Ce 28 février, la 31ème chambre correctionnelle du Tribunal judiciaire de Paris a condamné British American Tobacco France pour publicité illégale et propagande en faveur des produits du vapotage.

Cette décision au fond, après une première action devant le juge de l’urgence, marque les débuts de la construction d’une jurisprudence importante relative au vapotage face aux stratégies marketing agressives de l’industrie du tabac concernant ces produits, selon un communiqué du Comité national contre le Tabagisme (CNCT) que nous reprenons ci-dessous (voir 3 octobre 2020 et 8 octobre 2021).

Depuis 2015, BAT France a mis en place une vaste opération marketing en France en faveur de ses produits du vapotage de la marque « Vuse » (anciennement Vype) sur son site internet et sur les réseaux sociaux associées, en particulier Instagram.

•• Le CNCT avait constaté, outre l’absence de caractère informatif de plusieurs contenus, notamment des slogans accrocheurs, des descriptifs mélioratifs et des vidéos publicitaires faisant la promotion en ligne des produits Vype, également des méthodes de commercialisation intrusives à travers des mailings répétitifs envoyés aux consommateurs. Le CNCT estime que ces mentions sont d’ordre publicitaires, pouvant inciter le consommateur à essayer les produits, ce que les juges soutiennent dans leur décision.

En plus de constater le caractère illégal des publications sur le site internet visé, les juges déclarent illicite l’existence même d’une page Instagram faisant référence aux produits du vapotage :

« Sans même qu’il ne soit nécessaire de détailler en quoi les mentions de cette page doivent être caractérisées de publicités illicites, il y a lieu d’observer que si la vente de produits du vapotage est autorisée sur internet, la page instagram govypefr n’est pas une interface de vente du produit ».

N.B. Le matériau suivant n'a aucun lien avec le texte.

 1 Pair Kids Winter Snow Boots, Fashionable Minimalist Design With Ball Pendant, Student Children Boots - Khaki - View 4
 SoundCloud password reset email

•• Une page Instagram dédiée à la promotion d’un produit du vapotage est donc nécessairement une publicité et « doit être jugée comme illicite », sa seule utilité étant de diffuser le plus largement possible les publications successivement mises en ligne sur la page par l’utilisation de tous les mécanismes exponentiels de diffusion de l’information rendus possibles par les réseaux sociaux et largement exploités par les cigarettiers. C’est donc ce moyen de communication lui-même qui est illicite, indépendamment de son contenu.

Le tribunal souligne à ce titre la « bataille de communication » à laquelle s’est livrée le fabricant, démontrant s’il en était besoin que le profit généré par une telle campagne dépasse largement le risque pénal encouru.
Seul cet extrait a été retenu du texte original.